Forecasting the future is no easy task. Kiplinger reporters and editors dig deep, leaning on experts in academia and the private sector. We tap our sources in government to understand how regulations will affect emerging technology. Moreover, we look at past and present trends and apply careful, considered judgment to forecast and analyze coming developments.
In the following slides, we highlight some amazing developments that will shape your world in 2030. While many of the picks seem right out of the realm of dazzling science fiction, prepare for them to eventually become commonplace.
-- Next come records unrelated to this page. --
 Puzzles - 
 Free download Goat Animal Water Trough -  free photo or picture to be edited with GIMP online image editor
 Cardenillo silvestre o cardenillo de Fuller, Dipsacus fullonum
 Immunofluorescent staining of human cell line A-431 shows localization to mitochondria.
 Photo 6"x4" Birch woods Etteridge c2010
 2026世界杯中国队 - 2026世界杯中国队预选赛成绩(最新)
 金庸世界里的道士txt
A typical day in 2030 will begin with a soothing voice emanating from your iPhone (version 14 by then, we figure) to bid you good morning, while the room fills with light and a scent of your choosing: coffee? bacon? The devices, advanced version of today’s plugins, will attach to phones or work wirelessly. Personalized scents will deliver a cognitive boost or a restful waft when you need it. Online shoppers will be able to sniff flowers, food or cologne before buying. Leading the charge: Many start-up firms, as well as leading purveyors of fragrance sprays and other scent-emitting devices.
ON YOUTUBE: This Phone Smells Like Popcorn
In 2030, the only thing to blame for a bad night’s sleep will be yourself (or the kids/dogs/cats). You’ll generally sleep well, thanks to a bed packed with sensors that automatically adjust to your body’s pressure points. The bed also controls temperature and monitors sweat, stress and heart rate via sensors. Also included: a mobile app for combining sleep data with diet and exercise for personalized tips.
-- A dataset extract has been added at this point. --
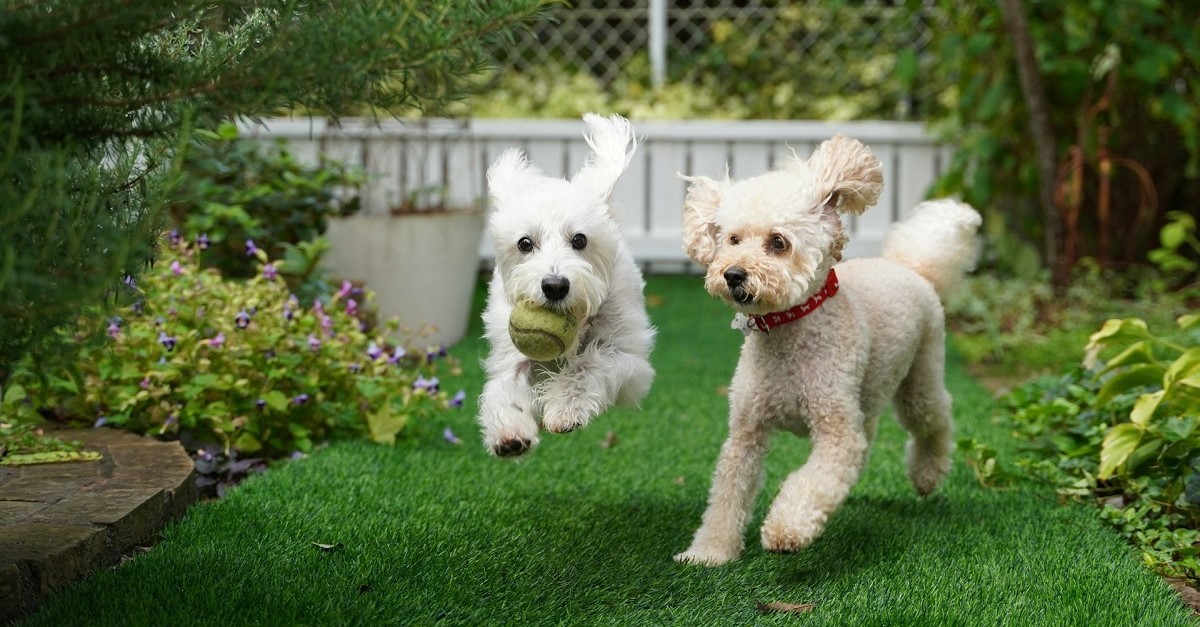 Due cani giocano in giardino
Got milk? In 2030, your refrigerator will monitor inventory and order items you’ve requested to have on hand for dinner tonight. The Internet-enabled device will have a chip that allows it to pay for the items, too, without having to ask you for authorization.
In 2030, most food will look the same way it always has, but it will be produced much differently. Vertical agriculture will be all the rage — growing fruits, vegetables and grains in buildings controlled with artificial intelligence, rather than on horizontal land. Meat will be grown under laboratory conditions with stem cells taken from livestock.
The impact on agriculture, pollution and land-use trends will be profound. In 2015, nearly one-third of the world’s land was used to raise crops and livestock. By 2030, much of the arable land will be back to its natural state — a plus for the environment. Vertical farming recycles nutrients and dispenses with pesticides. Lab-grown meat reduces reliance on antibiotics. Reduced use of pesticides and antibiotics helps the environment.
And with food produced in growing facilities near population centers, there will be scant need to transport fruits and veggies across vast distances. Decentralized production will ensure fast delivery of fresh food, even pick-your-own, in the most remote and forbidding of places. In 2015, Alaskans welcomed the news of a commercial food-growing facility in Anchorage. In 2030, such facilities will be common.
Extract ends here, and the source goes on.